In an Explanatory Note to a bill she introduced on the Sub Judice Rule, Sen. Defensor-Santiago noted that the rule means that all should refrain from commenting on any matter sub judice (“under a judge”). But she also said in effect that it has already been recognized elsewhere, especially in the U.S., that a literal application of the Rule would run counter to the constitutional guarantee of freedom of expression. Black’s notes that when a judicial “gag order” is directed to the press, the order is unconstitutional.
In a news report, the Supreme Court spokesperson Jose Midas Marquez said that lawyers are barred from making public statements that tend to influence public opinion while a case is pending.
A literal reading of the Sub Judice Rule means that no one can comment on any pending case. And yet a Court spokesperson himself violates the Rule by making a comment to the effect that the Rule should be read literally, given that promoting such a construction of the Rule would of course “tend to influence public opinion.” In effect, he says that lawyers (and perhaps the public as well) should just “shut up,” because the case is sub judice. It seems to rise to prior restraint, in which case it would seem to be “improper conduct” under Rule 71, sec. 3(d) .
A literal reading can also border on the ridiculous when, for example, one who may be charged criminally may try to use the Sub Judice Rule to justify remaining silent, even when the Constitution allows him that anyway. See G.R. No. 174105.
The case of the “UP 37” would perhaps require the Supreme Court to clarify the relationship between the Sub Judice Rule and freedom of expression. It seems reasonable to expect the UP 37 to argue that the present formulation of the Rule suffers from overbreadth. A potential problem is that the Court will have to judge its own Rules of Court, and it will be for it to show and act with impartiality as otherwise the proceeding could be rendered invalid as a violation of the Due Process clause.
Sometimes words are just that. Sometimes what is sensible is more than words.

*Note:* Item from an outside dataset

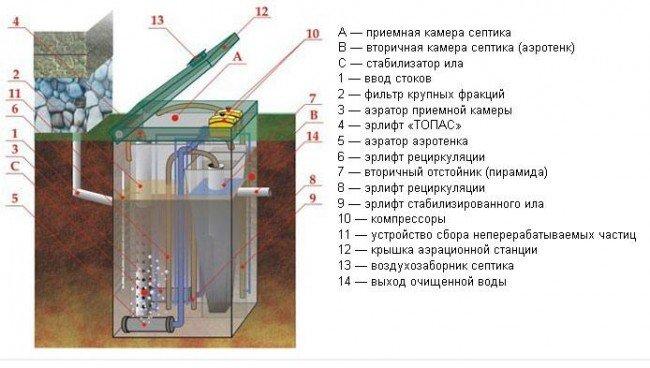 Схема оборудования септика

 Rule 71, Sec. 3 reads as follows:
“After a charge in writing has been filed, and an opportunity given to the respondent to comment thereon within such period as may be fixed by the court and to be heard by himself or counsel, a person guilty of any of the following acts may be punished for indirect contempt:
(a) Misbehavior of an officer of a court in the performance of his official duties or in his official transactions;
(b) Disobedience of or resistance to a lawful writ, process, order, or judgment of a court, including the act of a person who, after being dispossessed or ejected from any real property by the judgment or process of any court of competent jurisdiction, enters or attempts or induces another to enter into or upon such real property, for the purpose of executing acts of ownership or possession, or in any manner disturbs the possession given to the person adjudged to be entitled thereto;
(c) Any abuse of or any unlawful interference with the processes or proceedings of a court not constituting direct contempt under section 1 of this Rule;
(d) Any improper conduct tending, directly or indirectly, to impede, obstruct, or degrade the administration of justice;
(e) Assuming to be an attorney or an officer of a court, and acting as such without authority;
(f) Failure to obey a subpoena duly served;
(g) The rescue, or attempted rescue, of a person or property in the custody of an officer by virtue of an order or process of a court held by him.
But nothing in this section shall be so construed as to prevent the court from issuing process to bring the respondent into court, or from holding him in custody pending such proceedings.”